3.4.1. Middel I betoogt onder meer dat onbegrijpelijk is 's Hofs oordeel dat belanghebbende minerale oliën voorhanden heeft gehad, die niet overeenkomstig de bepalingen van de Wet in de heffing zijn betrokken.
3.4.2. Wat er zij van 's Hofs oordeel op dit punt, ook indien vast zou staan dat de onderwerpelijke minerale oliën niet overeenkomstig de bepalingen van de Wet in de heffing waren betrokken, zou artikel 2f, tweede gedeelte, van de Wet niet zonder meer kunnen worden toegepast. Daarvoor dient immers tevens vast te staan dat belanghebbende op het tijdstip waarop zij de goederen voorhanden kreeg, wist of redelijkerwijs kon weten dat de minerale oliën niet overeenkomstig de bepalingen van de Wet in de accijns waren betrokken (onder meer HR 13 juni 2003, nr. 37223, BNB 2003/317).
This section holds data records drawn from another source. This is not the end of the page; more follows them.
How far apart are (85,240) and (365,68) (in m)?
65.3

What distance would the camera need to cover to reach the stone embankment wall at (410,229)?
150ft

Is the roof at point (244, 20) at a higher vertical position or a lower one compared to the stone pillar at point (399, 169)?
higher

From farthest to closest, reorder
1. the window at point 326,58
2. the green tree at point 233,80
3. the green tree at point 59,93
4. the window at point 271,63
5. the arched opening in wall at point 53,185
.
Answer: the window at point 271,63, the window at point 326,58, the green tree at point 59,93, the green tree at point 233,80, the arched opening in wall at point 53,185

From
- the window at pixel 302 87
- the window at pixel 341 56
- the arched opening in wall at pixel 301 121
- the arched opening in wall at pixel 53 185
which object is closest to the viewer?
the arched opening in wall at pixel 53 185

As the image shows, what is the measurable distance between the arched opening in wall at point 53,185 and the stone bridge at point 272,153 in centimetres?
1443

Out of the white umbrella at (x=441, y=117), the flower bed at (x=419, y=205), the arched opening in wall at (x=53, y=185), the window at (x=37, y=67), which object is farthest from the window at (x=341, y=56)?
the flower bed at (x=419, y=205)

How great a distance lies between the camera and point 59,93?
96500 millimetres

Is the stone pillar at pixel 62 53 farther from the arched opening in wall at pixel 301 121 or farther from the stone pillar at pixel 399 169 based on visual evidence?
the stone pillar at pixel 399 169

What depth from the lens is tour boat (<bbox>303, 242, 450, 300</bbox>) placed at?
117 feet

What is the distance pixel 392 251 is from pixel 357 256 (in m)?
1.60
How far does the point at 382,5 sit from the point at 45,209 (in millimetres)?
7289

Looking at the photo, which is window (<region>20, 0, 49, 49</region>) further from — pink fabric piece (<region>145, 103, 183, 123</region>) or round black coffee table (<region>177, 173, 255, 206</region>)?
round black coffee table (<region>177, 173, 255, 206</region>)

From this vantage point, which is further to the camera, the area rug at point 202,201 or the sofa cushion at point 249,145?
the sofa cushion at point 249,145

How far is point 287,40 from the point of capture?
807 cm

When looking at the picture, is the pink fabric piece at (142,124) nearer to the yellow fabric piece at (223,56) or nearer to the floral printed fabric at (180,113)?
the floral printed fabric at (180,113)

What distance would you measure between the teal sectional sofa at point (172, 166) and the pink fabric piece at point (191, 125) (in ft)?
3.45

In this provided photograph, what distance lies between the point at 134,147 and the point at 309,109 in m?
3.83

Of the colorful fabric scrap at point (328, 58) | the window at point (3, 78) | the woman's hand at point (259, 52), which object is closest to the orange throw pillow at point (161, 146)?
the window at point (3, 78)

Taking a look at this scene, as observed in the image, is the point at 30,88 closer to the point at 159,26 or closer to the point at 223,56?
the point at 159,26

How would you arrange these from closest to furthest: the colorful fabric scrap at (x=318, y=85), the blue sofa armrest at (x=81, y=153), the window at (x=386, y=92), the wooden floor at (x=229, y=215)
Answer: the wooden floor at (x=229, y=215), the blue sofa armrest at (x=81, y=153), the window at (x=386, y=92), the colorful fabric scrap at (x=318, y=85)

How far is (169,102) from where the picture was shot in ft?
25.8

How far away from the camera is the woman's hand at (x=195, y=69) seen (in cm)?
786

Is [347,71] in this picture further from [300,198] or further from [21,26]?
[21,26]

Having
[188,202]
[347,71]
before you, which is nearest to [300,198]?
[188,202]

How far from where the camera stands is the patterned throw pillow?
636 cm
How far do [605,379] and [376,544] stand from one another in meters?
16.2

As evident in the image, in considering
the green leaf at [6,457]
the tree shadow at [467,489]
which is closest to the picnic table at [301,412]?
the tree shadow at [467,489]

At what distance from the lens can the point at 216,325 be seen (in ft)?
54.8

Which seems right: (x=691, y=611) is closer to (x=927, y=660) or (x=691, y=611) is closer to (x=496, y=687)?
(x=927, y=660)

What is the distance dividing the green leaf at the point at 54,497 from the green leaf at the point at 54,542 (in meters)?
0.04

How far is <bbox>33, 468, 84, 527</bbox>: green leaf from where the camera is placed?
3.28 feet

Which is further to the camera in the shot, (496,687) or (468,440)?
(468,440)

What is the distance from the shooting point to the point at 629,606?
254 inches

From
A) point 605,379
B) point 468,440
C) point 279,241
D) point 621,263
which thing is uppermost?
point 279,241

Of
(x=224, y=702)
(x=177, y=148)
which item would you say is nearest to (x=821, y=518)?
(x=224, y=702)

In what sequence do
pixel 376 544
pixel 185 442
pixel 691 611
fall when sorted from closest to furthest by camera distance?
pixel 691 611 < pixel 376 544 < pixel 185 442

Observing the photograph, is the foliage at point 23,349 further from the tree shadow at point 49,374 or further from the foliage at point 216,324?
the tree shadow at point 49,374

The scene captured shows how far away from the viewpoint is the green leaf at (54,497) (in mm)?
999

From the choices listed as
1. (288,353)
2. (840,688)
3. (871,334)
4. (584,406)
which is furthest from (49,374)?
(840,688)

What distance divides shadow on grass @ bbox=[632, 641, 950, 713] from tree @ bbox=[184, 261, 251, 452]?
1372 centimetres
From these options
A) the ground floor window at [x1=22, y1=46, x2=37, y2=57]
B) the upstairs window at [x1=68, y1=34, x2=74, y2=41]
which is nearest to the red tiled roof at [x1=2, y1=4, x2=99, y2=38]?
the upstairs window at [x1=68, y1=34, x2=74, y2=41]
3.4.3. Het Hof heeft de laatstvermelde maatstaf niet uitdrukkelijk ten grondslag gelegd aan zijn hiervóór vermelde oordeel. Indien het Hof deze niet van betekenis heeft geacht, is het uitgegaan van een onjuiste rechtsopvatting. Zo het Hof deze maatstaf wel in zijn oordeel heeft betrokken, is dat oordeel niet voldoende gemotiveerd. Het Hof heeft immers overwogen dat belanghebbende al jaren optreedt als (groot)handelaar in accijnsgoederen en dat daarom mag worden verwacht dat zij zich op de hoogte stelt van de met betrekking tot de heffing van accijns geldende verplichtingen, en voorts dat belanghebbende niet heeft voldaan aan de verplichtingen ingevolge artikel 80 van de Wet en met name de herkomst van de onderwerpelijke hoeveelheden minerale oliën niet heeft kunnen aangeven. Deze omstandigheden zijn echter onvoldoende redengevend voor het oordeel dat belanghebbende wist dan wel redelijkerwijs kon weten dat de door haar in ontvangst genomen minerale oliën ten onrechte niet overeenkomstig de bepalingen van de Wet in de heffing waren betrokken.
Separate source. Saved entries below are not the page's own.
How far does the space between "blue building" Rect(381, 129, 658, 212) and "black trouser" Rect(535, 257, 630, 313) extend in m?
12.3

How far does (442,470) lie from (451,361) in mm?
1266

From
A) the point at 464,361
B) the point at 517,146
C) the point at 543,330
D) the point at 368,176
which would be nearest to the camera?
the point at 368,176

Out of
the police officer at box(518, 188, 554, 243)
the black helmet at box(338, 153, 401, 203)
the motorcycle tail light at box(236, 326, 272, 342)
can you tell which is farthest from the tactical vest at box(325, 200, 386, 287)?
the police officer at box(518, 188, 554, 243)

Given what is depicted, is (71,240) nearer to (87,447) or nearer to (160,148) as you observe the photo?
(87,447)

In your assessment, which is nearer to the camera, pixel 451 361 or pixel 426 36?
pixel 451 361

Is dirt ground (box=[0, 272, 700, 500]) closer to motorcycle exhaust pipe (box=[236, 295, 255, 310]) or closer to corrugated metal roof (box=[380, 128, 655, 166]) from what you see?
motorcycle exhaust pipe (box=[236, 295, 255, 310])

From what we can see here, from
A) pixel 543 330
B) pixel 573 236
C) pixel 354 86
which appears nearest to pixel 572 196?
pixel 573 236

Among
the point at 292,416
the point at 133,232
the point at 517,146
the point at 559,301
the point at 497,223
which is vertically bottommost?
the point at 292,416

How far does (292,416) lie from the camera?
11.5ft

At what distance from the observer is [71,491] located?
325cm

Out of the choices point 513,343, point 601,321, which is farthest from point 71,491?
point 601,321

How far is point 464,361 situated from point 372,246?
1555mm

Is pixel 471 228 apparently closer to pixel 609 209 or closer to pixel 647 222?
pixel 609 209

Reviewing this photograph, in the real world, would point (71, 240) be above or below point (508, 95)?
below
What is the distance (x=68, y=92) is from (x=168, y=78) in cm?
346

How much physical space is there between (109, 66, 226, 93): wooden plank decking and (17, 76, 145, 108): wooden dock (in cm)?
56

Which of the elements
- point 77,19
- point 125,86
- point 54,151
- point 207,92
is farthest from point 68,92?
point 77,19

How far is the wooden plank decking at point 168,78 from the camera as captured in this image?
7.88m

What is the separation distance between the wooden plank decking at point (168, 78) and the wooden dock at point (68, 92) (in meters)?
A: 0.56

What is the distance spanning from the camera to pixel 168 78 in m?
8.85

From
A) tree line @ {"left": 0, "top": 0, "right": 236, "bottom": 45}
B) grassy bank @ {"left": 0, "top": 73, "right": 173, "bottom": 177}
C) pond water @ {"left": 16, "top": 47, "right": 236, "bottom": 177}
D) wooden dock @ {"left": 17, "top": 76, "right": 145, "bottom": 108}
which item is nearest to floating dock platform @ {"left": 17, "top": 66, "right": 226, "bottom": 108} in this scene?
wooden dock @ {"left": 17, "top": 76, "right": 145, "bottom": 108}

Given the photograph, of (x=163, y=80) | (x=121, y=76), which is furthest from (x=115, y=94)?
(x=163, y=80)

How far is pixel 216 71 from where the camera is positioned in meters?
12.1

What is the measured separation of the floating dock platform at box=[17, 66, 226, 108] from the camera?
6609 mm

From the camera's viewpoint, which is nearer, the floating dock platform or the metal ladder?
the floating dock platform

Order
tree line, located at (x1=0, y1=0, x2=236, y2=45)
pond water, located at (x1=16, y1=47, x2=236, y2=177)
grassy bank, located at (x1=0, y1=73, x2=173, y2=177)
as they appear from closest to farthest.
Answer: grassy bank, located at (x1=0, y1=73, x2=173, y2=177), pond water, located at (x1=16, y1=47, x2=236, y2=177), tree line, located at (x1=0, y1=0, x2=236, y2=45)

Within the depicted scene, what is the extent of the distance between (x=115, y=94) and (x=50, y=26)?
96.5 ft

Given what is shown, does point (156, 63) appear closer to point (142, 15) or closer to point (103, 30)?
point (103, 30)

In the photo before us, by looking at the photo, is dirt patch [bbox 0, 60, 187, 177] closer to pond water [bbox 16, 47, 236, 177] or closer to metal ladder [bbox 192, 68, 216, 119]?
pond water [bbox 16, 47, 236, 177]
3.5. Op grond van hetgeen hiervóór is overwogen slaagt middel I in zoverre. 's Hofs uitspraak kan niet in stand blijven. Verwijzing moet volgen voor een nieuwe behandeling van de zaak met inachtneming van dit arrest. Hetgeen overigens in de middelen wordt aangevoerd, behoeft geen behandeling.
4. Proceskosten
De Staatssecretaris van Financiën zal worden veroordeeld in de kosten van het geding in cassatie.
5. Beslissing
De Hoge Raad:
verklaart het beroep gegrond,
vernietigt de uitspraak van het Hof, behoudens de beslissingen omtrent het griffierecht en de proceskosten,
verwijst het geding naar het Gerechtshof te Amsterdam ter verdere behandeling en beslissing van de zaak met inachtneming van dit arrest,
gelast dat de Staat aan belanghebbende vergoedt het door deze ter zake van de behandeling van het beroep in cassatie verschuldigd geworden griffierecht ten bedrage van € 327,
veroordeelt de Staatssecretaris van Financiën in de kosten van het geding in cassatie aan de zijde van belanghebbende, vastgesteld op € 1288 voor beroepsmatig verleende rechtsbijstand, en
wijst de Staat aan als de rechtspersoon die deze kosten moet vergoeden.
Dit arrest is gewezen door de vice-president A.E.M. van der Putt-Lauwers als voorzitter, en de raadsheren D.G. van Vliet, P. Lourens, C.B. Bavinck en J.W. van den Berge, in tegenwoordigheid van de waarnemend griffier E. Cichowski, en in het openbaar uitgesproken op 8 oktober 2004.